The metadata of each item can be imported if they are available in files in a supported format. Currently, some formats are implemented: a simple text one (as raw text or as OpenDocument Text odt, for testing purpose), a simple json format, a table one (as OpenDocument Spreadsheet ods), the Mets xml, if the profile is based on Dublin Core, and an internal xml one, Documents, that allows to manage all specificities of Omeka. Other ones can be easily added via a simple class, like Ead with the plugin Ead for Omeka.

    My Digitized Books
    ├──── Book_1.xml
    ├──── External.metadata.txt
    ├──┬─ Book 1
    │  ├──── Page_1.tiff
    │  ├──── Page_2.tiff
    │  ├──── Page_3.tiff
    │  └──── Page_4.tiff
    └──┬─ Book 2
       ├──── Book_2.metadata.txt
       ├──── Page_1.tiff
       ├──── Page_2.tiff
       ├──── Page_3.tiff
       └──── Page_4.tiff

Notes for metadata files:

See below for more details on metadata files.

Standard digitized books and serials (Mets / Alto)

Books and serials are often digitized with an undesctructive compression via the format Jpeg 2000, the metadata are saved in Mets and the content texts (OCR) are saved in Alto. All of them can be imported automagically.

    My Digitized Books
    ├──┬─ Book_1
    │  ├───── Book_1.mets.xml
    │  ├───┬─ master
    │  │   ├──── Book_1_001.jp2
    │  │   ├──── Book_1_002.jp2
    │  │   ├──── Book_1_003.jp2
    │  │   └──── Book_1_004.jp2
    │  └───┬─ ocr
    │      ├──── Book_1_001.alto.xml
    │      ├──── Book_1_002.alto.xml
    │      ├──── Book_1_003.alto.xml
    │      └──── Book_1_004.alto.xml
    ├──┬─ Book_2
    │  ├───── Book_2.mets.xml
    │  ├───┬─ master
    │  │   ├──── Book_2_001.jp2

The xml Mets file contains path to each subordinate file (master, ocr, etc.), so the structure may be different.

The plugin Ocr Element Set should be installed to import ocr data, if any.

If there are other files in folders, for example old xml refNum or any other old texts files that may have been used previously for example for a conversion from refNum to Mets via the tool refNum2Mets, they need to be skipped via the option "Unreferenced files" and/or the option "File extensions to exclude", with "refnum.xml ods txt" for example.

Formats of metadata

Common notes

Documents XML

A internal and simple xml format is used as a pivot. It is designed to be used internaly only, not to be exposed. Other xml formats should be converted to it be imported.

It has only the five tags record, elementSet, element, extra and data under the root tag documents allows to import all metadata and specific fields of Omeka.
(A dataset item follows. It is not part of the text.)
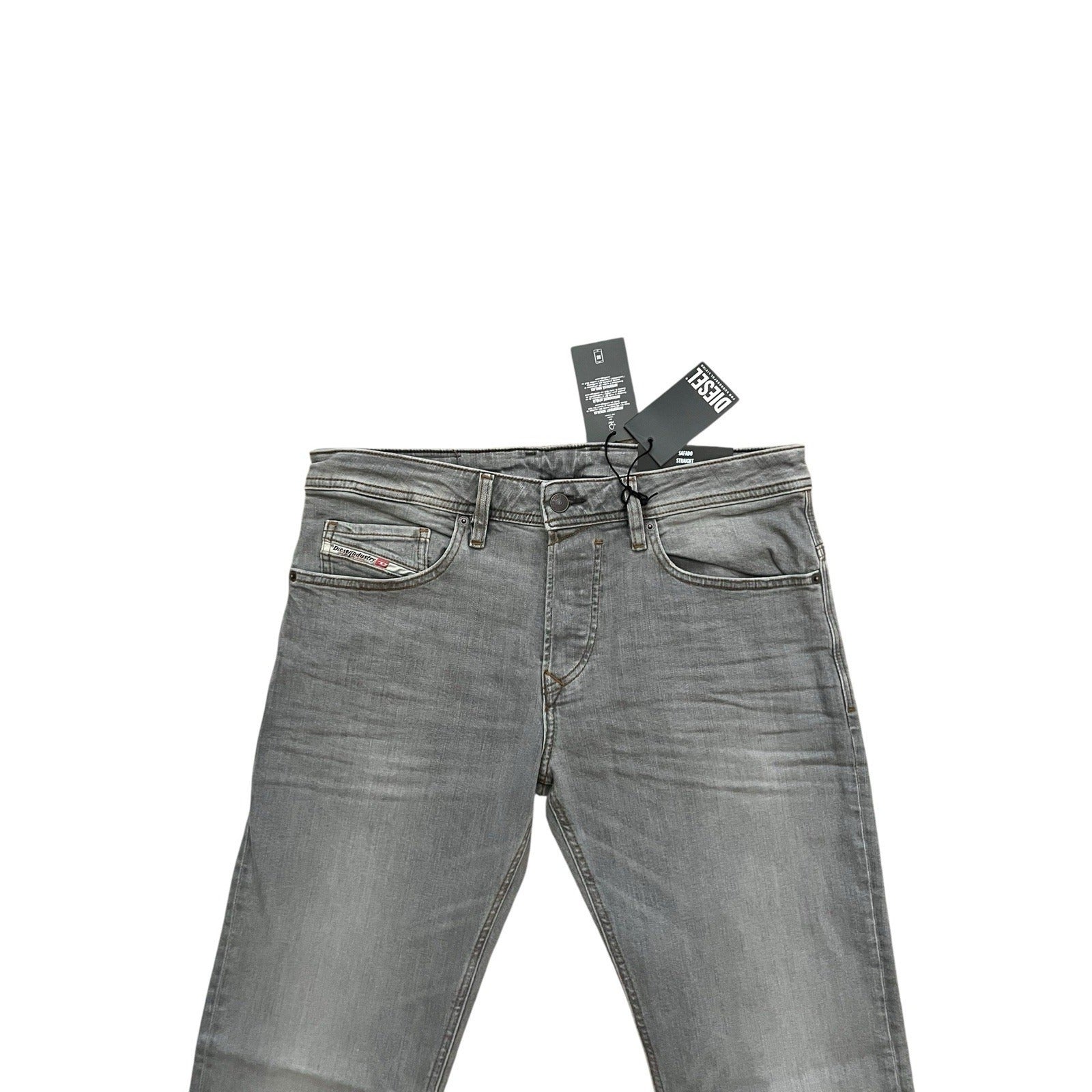 Diesel Safado Straight Fit Jeans RB061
For compatibilty purposes, it supports too the tags of the Dublin Core (simple or qualified). Standard attributes of the record can be set as extra data too.

Here is the structure (see true examples for details):

<record xmlns="http://localhost/documents/" name="my-doc #1" recordType="Item">
    <elementSet name="Dublin Core">
        <element name="Title">
            <data>Foo Bar</data>
        </element>
        <element name="Creator">
            <data>John Smith</data>
        </element>
    </elementSet>
    <extra>
        <data name="collection">My collection</data>
        <data name="item type">Still Image</data>
        <data name="featured">1</data>
        <data name="public">1</data>
        <data name="tag">First tag</data>
        <data name="tag">Second tag</data>
        <data name="Another field">This field can be written in the static repository with a special format.</data>
    </extra>
    <record file="http://localhost/path/to/the/file" />
</record>

METS and ALTO XML

Any METS file can be imported as long as the profile uses Dublin Core metadata. Else, the class should be extended.
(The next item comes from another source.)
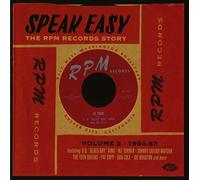 Various Artists - Speak Easy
The associated Alto file, an OCR format, can be ingested too as text. The plugin Ocr Element Set should be installed first to create fields for it, because texts are saved at file level. Else, a hook can be used to import data somewhere else.

The plugin Ocr Element Set saves ocr about each image at file level, so the option "File Metadata" should be set.

Two extra parameters can be managed:

Note: The namespace of the xslt stylesheets may need to be changed according to your files, or extend the class "ArchiveFolder_Mapping_Mets".

Table via OpenDocument Spreadsheet (ods)

See examples in tests/suite/_files/Folder_Test/External_Metadata.ods and tests/suite/_files/Folder_Test_Update/External_Metadata_Update.ods.

The first row of each sheet represents the element to import. Order of columns is not important. Unknown headers should be managed by the formats.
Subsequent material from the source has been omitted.